11Or, les deux narrateurs auxquels Eco confie le récit de ses romans adoptent vis-à-vis de l’histoire racontée deux attitudes opposées :

le narrateur témoin se montre crédule et ajoute foi à l’intégralité de l’histoire racontée, bien qu’il soit conscient d’en avoir lui-même inventée une partie considérable. Cette histoire comporte toujours, en effet, des faits inventés de toutes pièces par le narrateur lui-même, mais auxquels ce même narrateur finit par ajouter foi comme s’il s’agissait de faits réels. Relèvent de cette catégorie les exploits fabuleux qui étoffent le récit mensonger de Baudolino, les intrigues tissées par Simonini (Le Cimetière de Prague), le roman inventé par Roberto de la Grive pendant les longues années de captivité passées à bord d’un navire (L’île du jour d’avant), les « pages de feuilleton » écrites par Belbo et ses amis pour reconstruire le plan des Templiers (Le Pendule de Foucault). Naïfs au point même de ne pas être en mesure de distinguer ce qui est réel et ce qui est imaginaire, tous ces narrateurs tombent dans le piège de leurs propres mensonges.

  • 6 « Je suis plein de doutes », écrit, par exemple, le narrateur du Nom de la rose, dans la préface du (...)

le narrateur éditeur fait preuve de scepticisme, d’incrédulité, de méfiance absolue, non seulement parce qu’il doute de la vérité de ce que le narrateur-témoin lui raconte, mais parce que ses doutes vont au-delà de la limite qu’aucun narrateur ne devrait oser dépasser pour ne pas compromettre la « recevabilité fictionnelle » de l’histoire racontée6.
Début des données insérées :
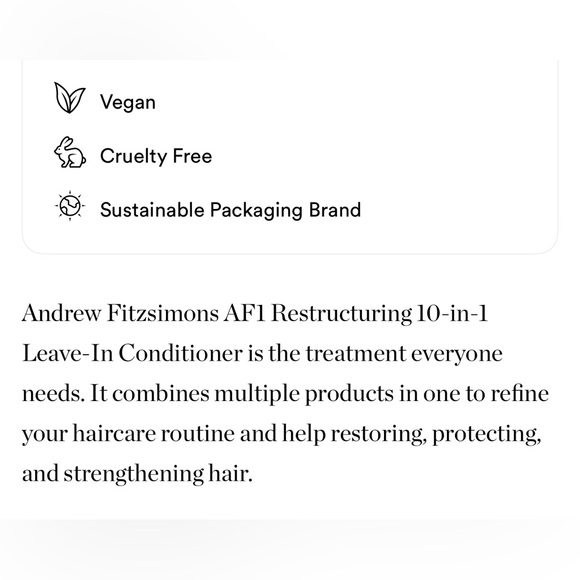 $6❤️‍🔥 Andrew Fitzsimons AF1 Restructuring Leave-In Conditioner 2PK 🪞 NEW - Picture 5 of 8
12Divergentes sur le fond, ces deux attitudes se rejoignent sur un point : elles sont déviantes par rapport à l’attitude qu’il est nécessaire d’adopter vis-à-vis d’un récit pour que celui-ci devienne une « fiction ». La fiction n’existe que si l’on feint de croire à l’histoire qu’elle raconte. Or, ici, les deux narrateurs sont incapables de « feindre de croire » : l’un parce qu’il est trop incrédule, l’autre parce qu’il est trop crédule. Tout roman repose sur un équilibre fragile entre crédulité et incrédulité, confiance et méfiance, naïveté et scepticisme. Dans les romans d’U. Eco, cet équilibre est précaire et, systématiquement, au cours du récit, il vole en éclats. Le non-respect du pacte qui devrait présider à la réception d’une œuvre romanesque est donc un effet de lecture volontairement provoqué par U. Eco qui livre à ses lecteurs une œuvre programmée pour court-circuiter l’usage social auquel, en tant que fiction, elle semble être destinée.

13Pourquoi les deux instances qui assurent la narration ne se plient-elles pas aux conventions culturelles qui permettent à une fiction d’être reçue en tant que telle ?

Essayons de le découvrir en nous intéressant aux faits racontés dans ces romans, car c’est par rapport à ces faits que les narrateurs adoptent des postures en décalage avec le protocole à respecter en matière de réception d’une œuvre fictionnelle.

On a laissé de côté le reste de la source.